Washington D.C., April 21 (ANI) — Research from NASA’s Curiosity rover has found evidence of a carbon cycle on ancient Mars, bringing scientists closer to an answer on whether the Red Planet was ever capable of supporting life.
Lead author Dr. Ben Tutolo, Ph.D., an associate professor in the Department of Earth, Energy and Environment at the University of Calgary, is a participating scientist on the NASA Mars Science Laboratory Curiosity rover team. The team is working to understand climate transitions and habitability on ancient Mars as Curiosity explores Gale Crater.
A paper published this week in the journal Science reveals that data from three of Curiosity’s drill sites contained siderite, an iron carbonate mineral, within sulfate-rich layers of Mount Sharp in Gale Crater. “The discovery of large carbon deposits in Gale Crater represents both a surprising and important breakthrough in our understanding of the geologic and atmospheric evolution of Mars,” says Tutolo.
Reaching these strata was a long-term goal of the Mars Science Laboratory mission. “The abundance of highly soluble salts in these rocks and similar deposits mapped over much of Mars has been used as evidence of the ‘great drying’ of Mars during its dramatic shift from a warm and wet early planet to its current cold and dry state,” Tutolo adds.
Sedimentary carbonate has long been predicted to form under a CO₂-rich ancient Martian atmosphere, but identifications had previously been sparse. NASA’s Curiosity rover, which landed on Mars on August 5, 2012, has now traveled more than 34 kilometers across the Martian surface.
The discovery of carbonate suggests that Mars’s atmosphere once contained enough carbon dioxide to support liquid water on its surface, and as the atmosphere thinned, the carbon dioxide was sequestered into rock. NASA says future missions and analysis of other sulfate-rich areas on Mars could confirm these findings and help scientists better understand the planet’s early history and atmospheric loss.
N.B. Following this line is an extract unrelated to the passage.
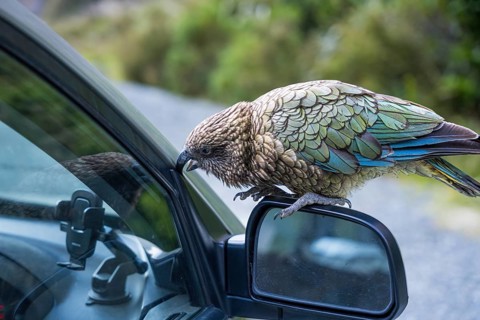 A Kea sits on a car's exterior mirror and nibbles on the rubber seal. Milford Road, Fiordland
Tutolo says researchers are ultimately trying to determine whether Mars was ever capable of supporting life—and the latest paper brings them closer to an answer. “It tells us that the planet was habitable and that the models for habitability are correct,” he notes.
“The broader implication is that the planet remained habitable until this time, but as the CO₂ that had been warming the planet began to precipitate as siderite, it likely affected Mars’s ability to stay warm. The question looking forward is: how much of this atmospheric CO₂ was actually sequestered? Was that potentially a reason we began to lose habitability?” Tutolo added.
Small changes in atmospheric CO₂ can lead to huge impacts on a planet’s ability to harbor life—a lesson that resonates both on Mars and here on Earth.